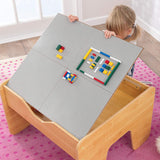 2-in-1 Activity Table with Board for kids 64 x 60 x 40 cm - 45-Degree Angle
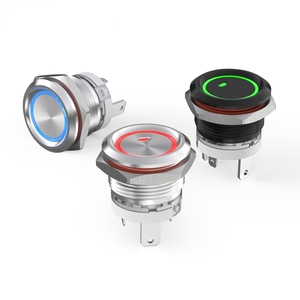 19mm Metal <b>Push</b> <b>Button</b> <b>Switch</b> 16A High Current LED with Latching Momentary 1NO Mini <b>Switch</b> for International Markets - Product Image 1
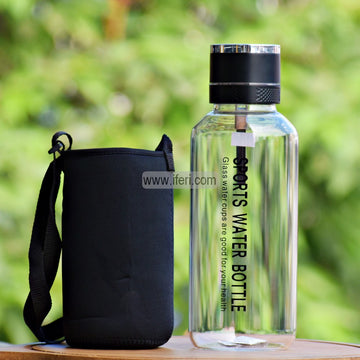 11 Inch Glass Water Bottle with Cover RY2791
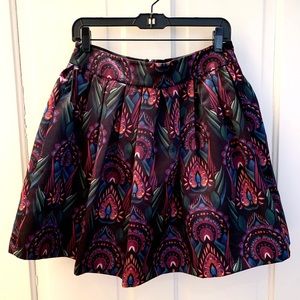 Alice+Olivia peacock feather skirt, size 8
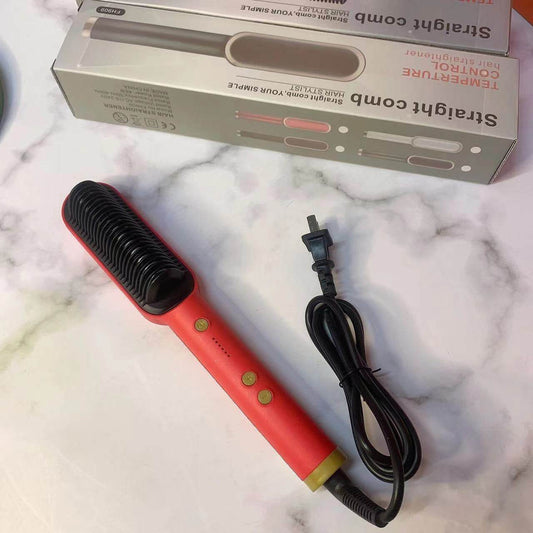 Straight Comb Curling Iron - Negative Ions for Healthy, Frizz-Free Hair - Buy Center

※

■ Exercise brief ■
What this calls for is the material above set down exactly, pictures excluded.

■ Completed task ■
 2-in-1 Activity Table with Board for kids 64 x 60 x 40 cm - 45-Degree Angle
 19mm Metal <b>Push</b> <b>Button</b> <b>Switch</b> 16A High Current LED with Latching Momentary 1NO Mini <b>Switch</b> for International Markets - Product Image 1
 11 Inch Glass Water Bottle with Cover RY2791
 Alice+Olivia peacock feather skirt, size 8
 Straight Comb Curling Iron - Negative Ions for Healthy, Frizz-Free Hair - Buy Center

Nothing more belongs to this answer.